* [TASK INPUT]:
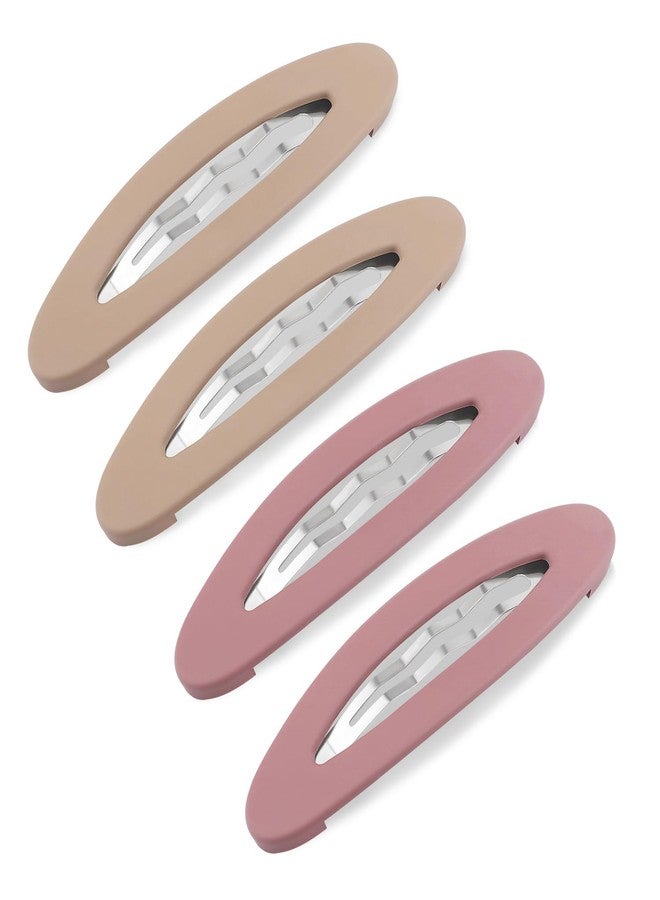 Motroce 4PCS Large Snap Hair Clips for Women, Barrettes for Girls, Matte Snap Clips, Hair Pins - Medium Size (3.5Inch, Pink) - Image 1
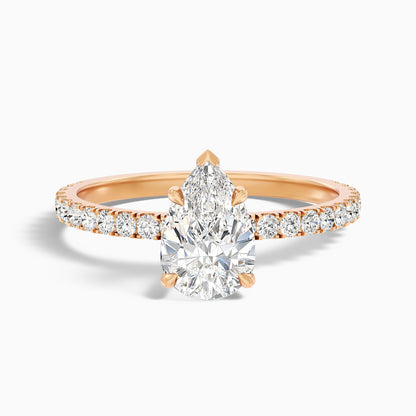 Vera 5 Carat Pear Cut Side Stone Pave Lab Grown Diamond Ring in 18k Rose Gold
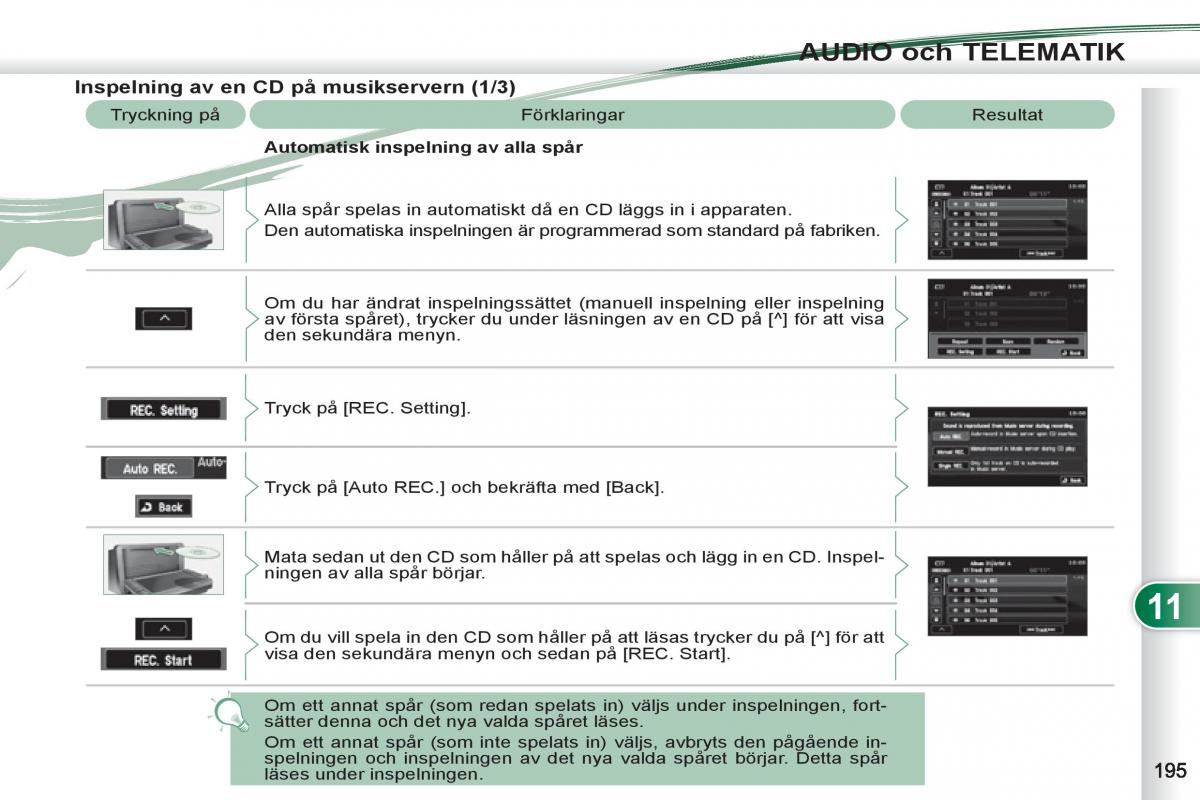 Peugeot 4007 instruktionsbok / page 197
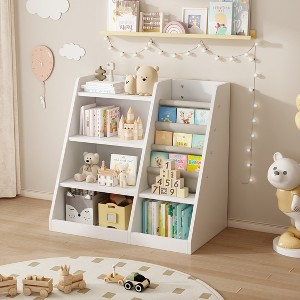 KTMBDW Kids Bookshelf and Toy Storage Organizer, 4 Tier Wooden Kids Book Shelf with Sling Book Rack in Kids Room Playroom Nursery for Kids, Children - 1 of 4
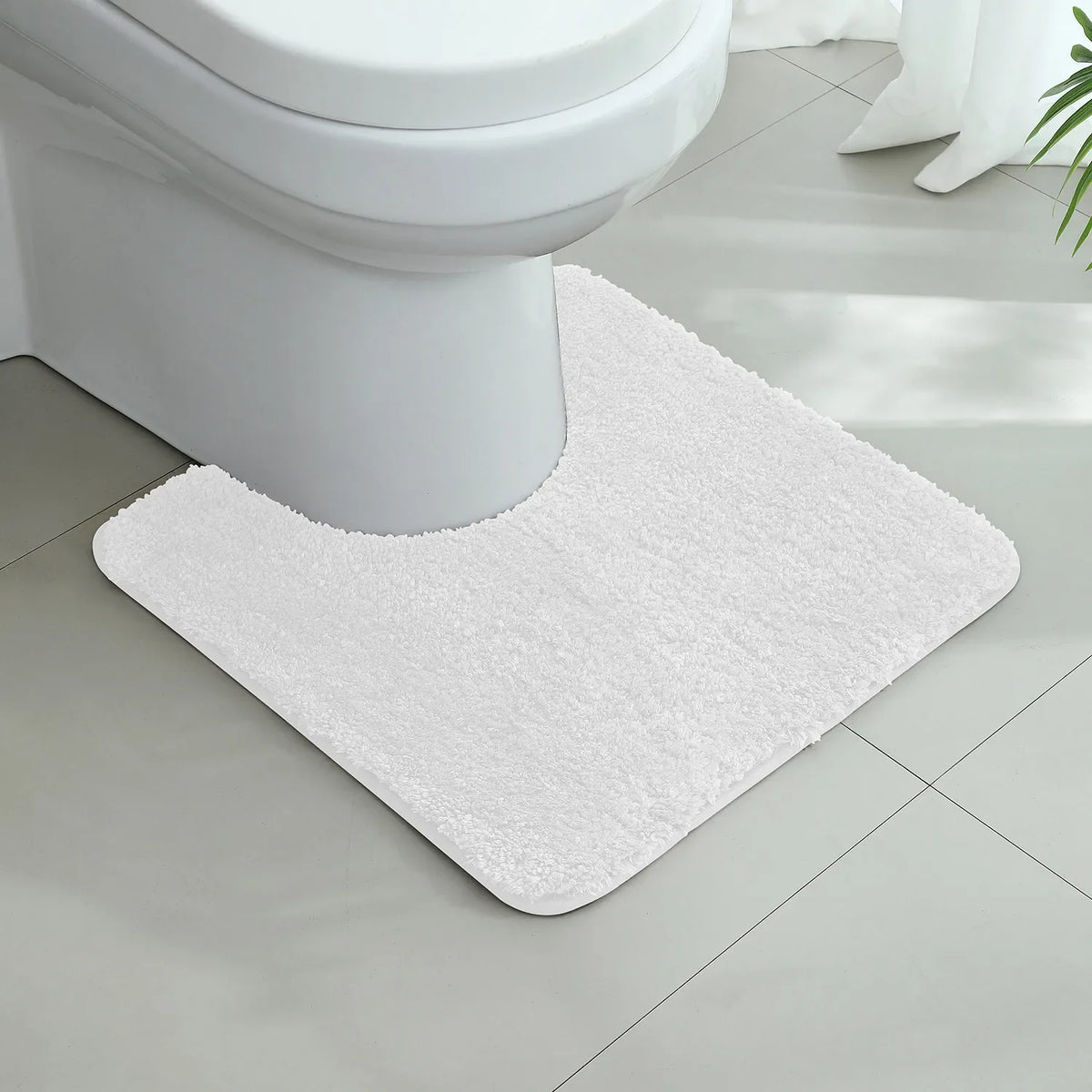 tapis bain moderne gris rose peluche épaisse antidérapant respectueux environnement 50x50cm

* [TO DO]: Copy exactly, and copy nothing else: the lines from the one containing "KTMBDW Kids Bookshelf" through the end of the data, both ends included, with pictures left out.

* [YOUR SOLUTION]:
 KTMBDW Kids Bookshelf and Toy Storage Organizer, 4 Tier Wooden Kids Book Shelf with Sling Book Rack in Kids Room Playroom Nursery for Kids, Children - 1 of 4
 tapis bain moderne gris rose peluche épaisse antidérapant respectueux environnement 50x50cm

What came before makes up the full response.